ITG 2005: o que é, é obrigatória e o que muda na contabilidade do condomínio

por | jul 9, 2026 | Financeiro

Em muitos condomínios, a prestação de contas sempre foi apresentada de forma mais financeira do que contábil: entradas, saídas, saldo final e pronto. A ITG 2005 surge justamente para dar mais padrão técnico a essa rotina e elevar o nível de transparência na gestão condominial.

Na prática, a ITG 2005 condomínios afeta a forma de registrar, organizar e apresentar as informações contábeis. A seguir, você vai entender o que é a norma, se ela é obrigatória, o que muda na operação e quais impactos recaem sobre síndico, administradora e contador. Continue lendo!

O que é a ITG 2005?

A ITG 2005 é uma interpretação técnica emitida pelo Conselho Federal de Contabilidade (CFC) para orientar a escrituração e a apresentação contábil em situações enquadradas pela norma.

No contexto condominial, ela ganhou relevância por estabelecer um padrão mais claro para a contabilidade condominial.

Quando se fala em ITG 2005 CFC, o ponto principal é este: não se trata de um simples modelo de relatório interno, mas sim de uma norma contábil voltada à qualidade da informação.

Entre os objetivos centrais da ITG 2005 contabilidade, estão:

  • padronizar registros e demonstrações;
  • aumentar a transparência da prestação de contas;
  • melhorar a comparabilidade e a confiabilidade das informações;
  • reduzir práticas informais na rotina contábil dos condomínios.

Em termos práticos, a ITG 2005 norma contábil ajuda a separar o que é apenas controle financeiro do que realmente precisa ser tratado como contabilidade.

A ITG 2005 é obrigatória?

Sim, a resposta prática é que a ITG 2005 é obrigatória para os casos em que o condomínio se enquadra na exigência técnico-contábil aplicável. Isso significa que a discussão não deve ser tratada como mera escolha de gestão ou preferência da administradora.

A resposta exige nuance. O ponto central não é o porte do condomínio, mas a necessidade de que a escrituração e as demonstrações contábeis sejam feitas conforme o padrão normativo aplicável.

Quem deve seguir a ITG 2005, na prática:

  • o condomínio, como entidade que precisa manter a organização contábil adequada;
  • o síndico, como responsável pela prestação de contas e pela governança;
  • a administradora, quando participa da rotina financeira e documental;
  • o contador, na execução técnica da escrituração e das demonstrações.

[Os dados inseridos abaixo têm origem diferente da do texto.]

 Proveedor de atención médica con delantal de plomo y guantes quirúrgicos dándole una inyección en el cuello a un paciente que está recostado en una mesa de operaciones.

Ou seja, a obrigação técnica não recai só sobre o contador. A adequação depende de uma rotina coordenada entre gestão, operação e suporte contábil.

O que muda com a ITG 2005?

A principal mudança é que o condomínio deixa de se apoiar apenas em controles financeiros simplificados e passa a exigir uma contabilidade mais estruturada, com critérios de reconhecimento, classificação e apresentação mais consistentes.

Na rotina, isso significa:

  • maior formalização dos registros;
  • padronização das informações contábeis;
  • demonstrações mais completas e tecnicamente organizadas;
  • menos dependência de relatórios baseados só em caixa.

Não é apenas “mais papel”. É uma mudança de lógica. A gestão passa a mostrar não só quanto dinheiro entrou e saiu, mas também como os fatos contábeis devem ser reconhecidos e evidenciados.

Demonstrações contábeis obrigatórias

Um dos pontos mais sensíveis da ITG 2005 demonstrações contábeis é a exigência de peças contábeis estruturadas, e não apenas balancetes gerenciais.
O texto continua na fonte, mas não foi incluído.